═════ INFORMATION SUPPLIED ═════

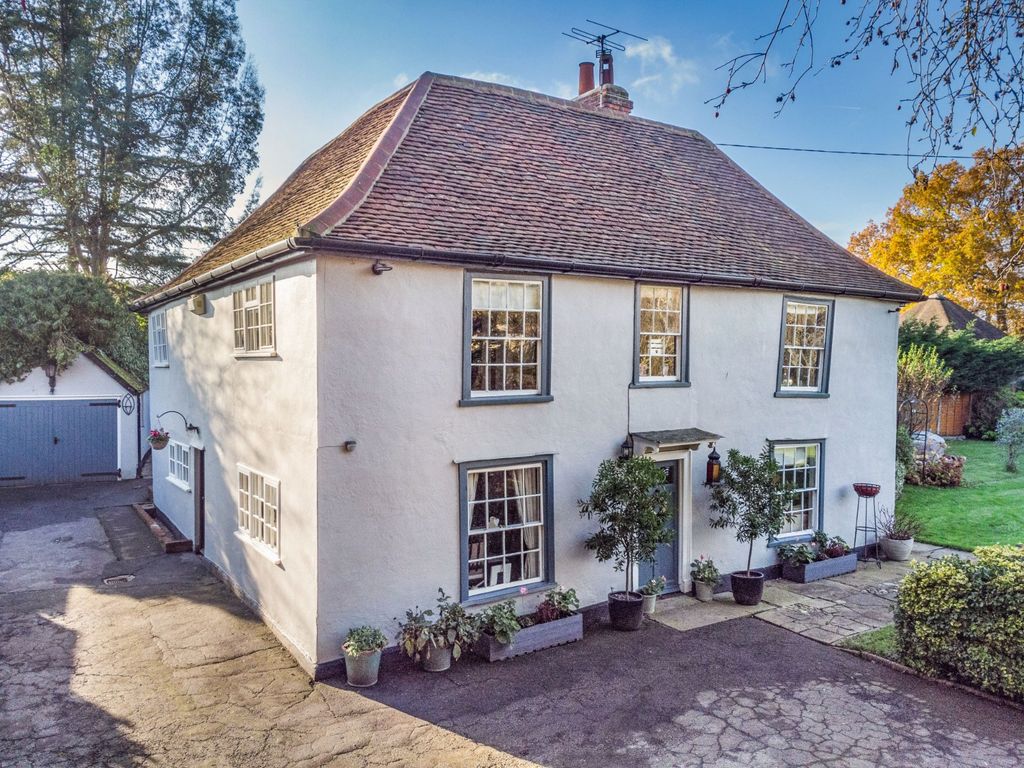 4 bed detached house for sale in Chelmsford Road, Barnston, Dunmow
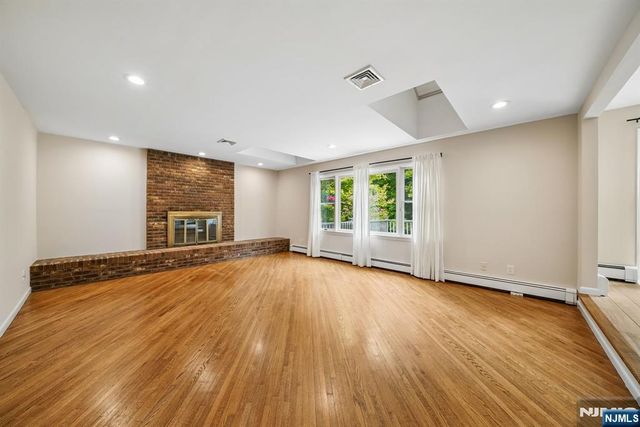 5 Fairfield Court, Demarest, NJ 07627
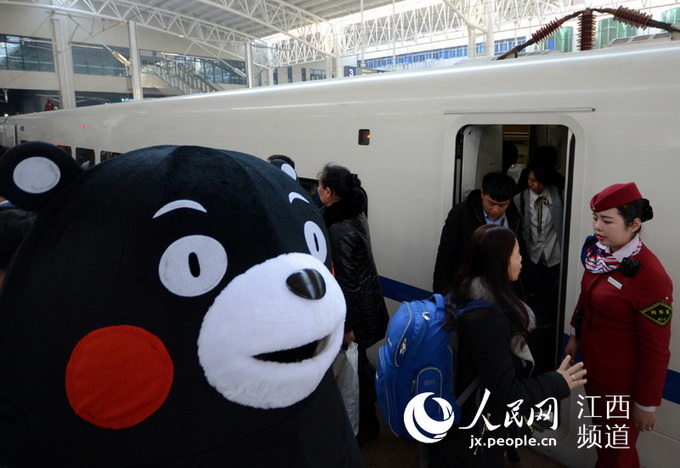 熊本熊求婚列車長 網友-感情真摯這碗“狗糧”我先干為敬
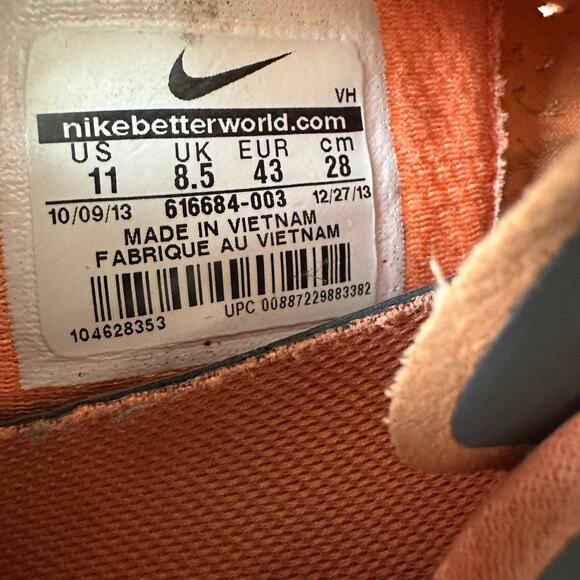 Women's Nike Running Shoes, Size 11, Gray Orange, 616684-003 - Picture 8 of 9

═════

§ ASSIGNED TASK
Reproduce the listing exactly, images omitted.

§ PROBLEM SOLUTION
 4 bed detached house for sale in Chelmsford Road, Barnston, Dunmow
 5 Fairfield Court, Demarest, NJ 07627
 熊本熊求婚列車長 網友-感情真摯這碗“狗糧”我先干為敬
 Women's Nike Running Shoes, Size 11, Gray Orange, 616684-003 - Picture 8 of 9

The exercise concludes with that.